I spent some time putting some copy together – if you can call 200 characters “copy”, and signed in to create my campaign. I was then met with this message:

Facebook Flyers

Note to Facebook #1 A notice about this at the top of the Facebook Flyers FAQ might have been really handy and saved me a few hours work.

I figure all is not lost, however, and I follow the link to the new Facebook Ads. I think that perhaps the equivalent is Facebook Social Ads so I click through to learn more. I didn’t really learn much, but this sounded promising:

Get started right away and learn as you go.

Creating a Social Ad is quick and easy. Simply write a creative, tell us who you want seeing your ad, and decide where you want to drive traffic. You can buy ads by number of clicks (CPC) or by number of impressions (CPM). While the ad is running, you will receive performance metrics from Facebook Insights including demographic data of who’s engaging with your ad and feedback on how to optimize your ad.

Next I started the create Facebook Ad procedure. I have to select the audience I wish to target. Facebook informs me that there are 1,872,500 members in Australia – sounds great.

Facebook Australian Audience

I experiment with the gender – Australia do we have a problem? Let’s see

567,460 males
820,020 females
1,387,480 total

Do we seriously have 455,020 people who are some mysterious gender?
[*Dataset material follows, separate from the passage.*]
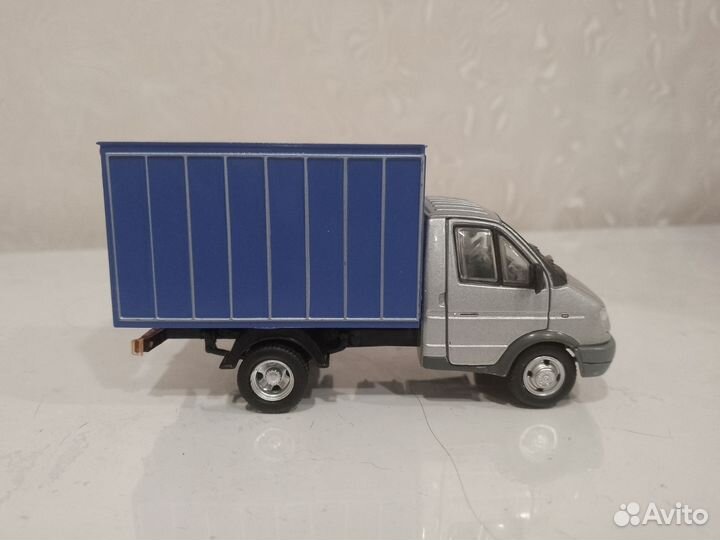 Модель автомобиля газель 1/50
Any how, moving on, I create my ad, only to find now the maximum is 135 characters, you can’t have more than two 1 letter words in succession, and you can’t have numbers and letters in the same word. It appears dlook.mobi is a combination of letters and numbers (but oddly dlook.com.au is perfectly fine).

dLook Ad for Facebook

Note to Facebook #2: a full stop is not a number.
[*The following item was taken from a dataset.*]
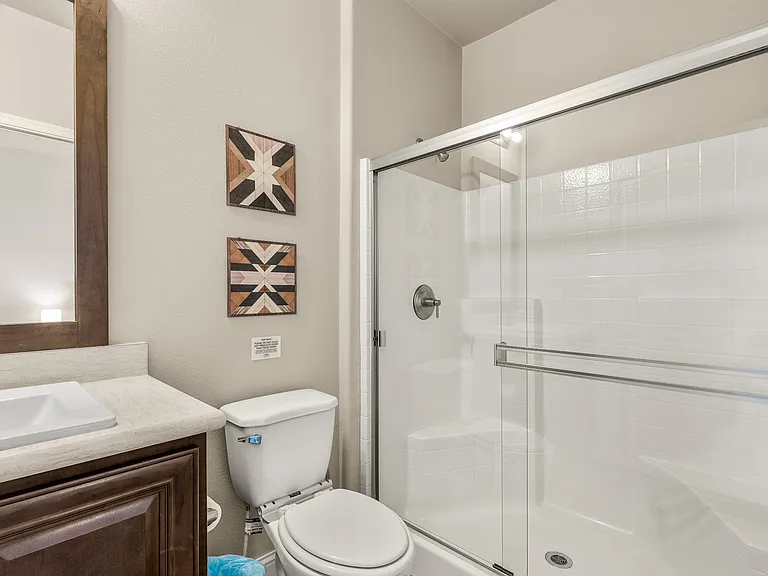 879 E Kron Dr — Photo 9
Remember I learned from the flyers that the image should be 110 x 220? It doesn’t look very good here. So what size is optimal for the ad? I have no frigging clue, because I can’t find this information anywhere!
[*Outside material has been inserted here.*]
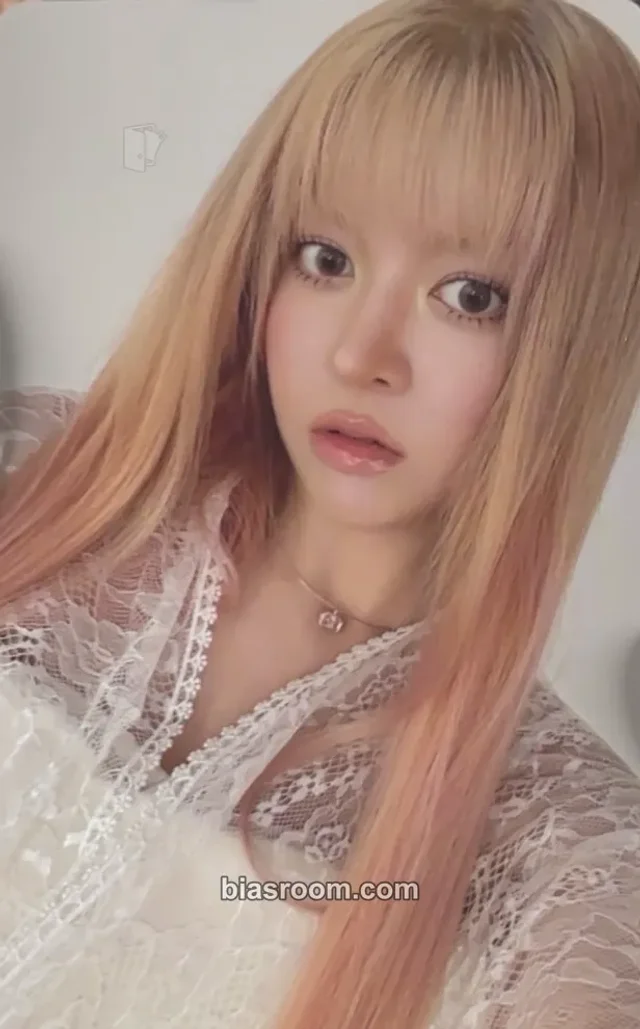 Lily NMIXX Strange Muse K-pop photocard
Note to Facebook #3: You need a more comprehensive advertising FAQ.

Note to Facebook #3: You need to make your FAQ Easier to find

I am not going to fiddle around with this ad anymore until I have specifics on what is the optimal size for the image. Sure, I could waste a few more hours redesigning banners to see what looks good – NOT.

Update: I finally found a link the the FAQs when I was checking out “Social Actions” – go figure. The optimal size for an image is 110 x 80.

Out of curiosity (and after putting a space between dlook and .mobi), I clicked through to “set budget”. Here I am presented with the option to set a budget according to impressions or clicks.

Facebook set budget

I’m not entirely sure how this works. I understand the concept – obviously this is an auction a bit like AdWords – but what is reasonable, what’s the best option…? So I click on the “more information” link. Where does it take me? Right back to the very process that I’m in (i.e. “create ad”). Grrr.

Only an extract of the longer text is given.